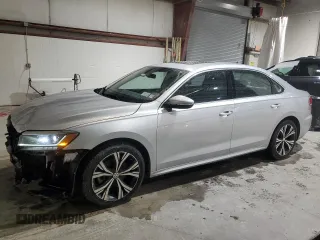 2021 Volkswagen Passat SE z VIN 1VWSA7A3XMC000273, wystawiony jako Copart lot #48745355 z przebiegiem 81 830 mil mil oraz Nie do naprawy • Non repairable. Historia ofert i sprzedaży dostępna na DreamBid. Obrazek 1.
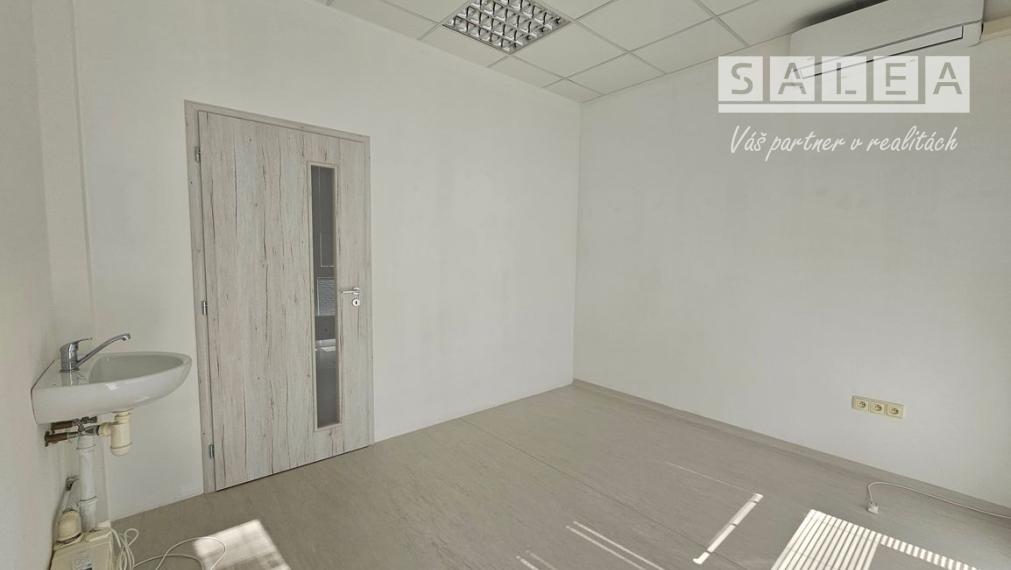 Prenájom Priestor ambulancie Galanta/west 75m2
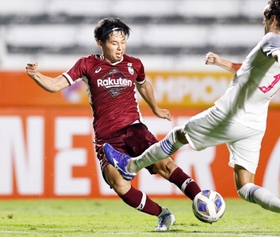 傑志戦の後半、ゴールを狙う神戸・郷家（共同）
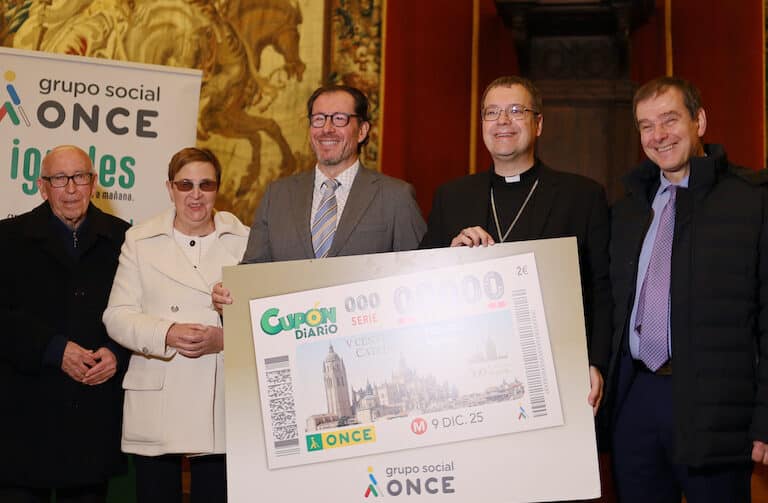 La Catedral de Segovia celebra su V Centenario en el cupón de la ONCE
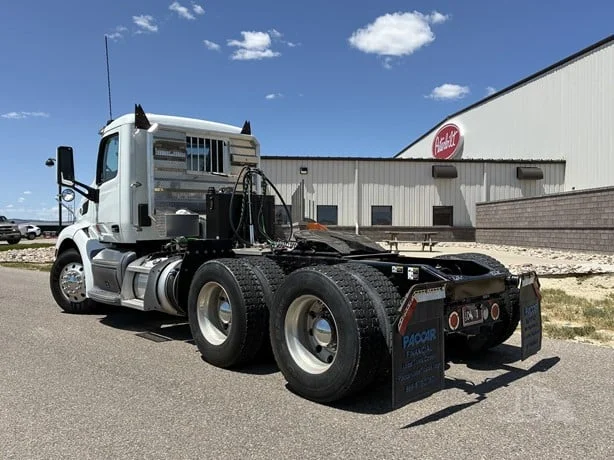 2019 Peterbilt 579 in Casper, WY — photo 9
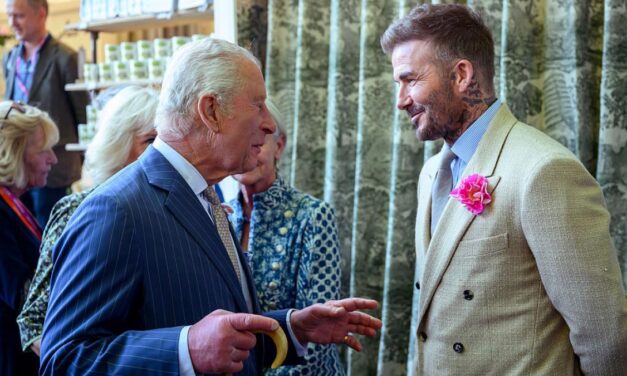 David Beckham recibe el título de caballero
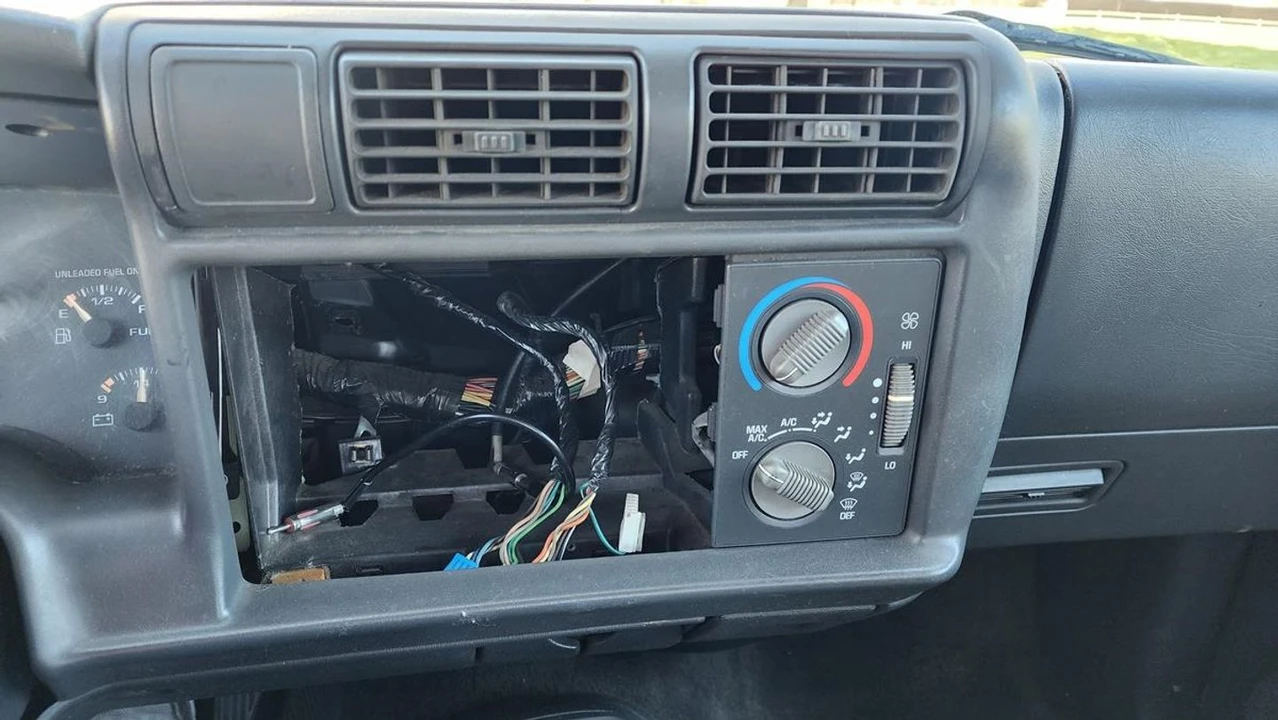 1997 Chevrolet S-10 - Image 18 of 21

****************

* Task brief *
Keep every word of the records above exactly, and return them with no pictures.

* Solution for this task *
 2021 Volkswagen Passat SE z VIN 1VWSA7A3XMC000273, wystawiony jako Copart lot #48745355 z przebiegiem 81 830 mil mil oraz Nie do naprawy • Non repairable. Historia ofert i sprzedaży dostępna na DreamBid. Obrazek 1.
 Prenájom Priestor ambulancie Galanta/west 75m2
 傑志戦の後半、ゴールを狙う神戸・郷家（共同）
 La Catedral de Segovia celebra su V Centenario en el cupón de la ONCE
 2019 Peterbilt 579 in Casper, WY — photo 9
 David Beckham recibe el título de caballero
 1997 Chevrolet S-10 - Image 18 of 21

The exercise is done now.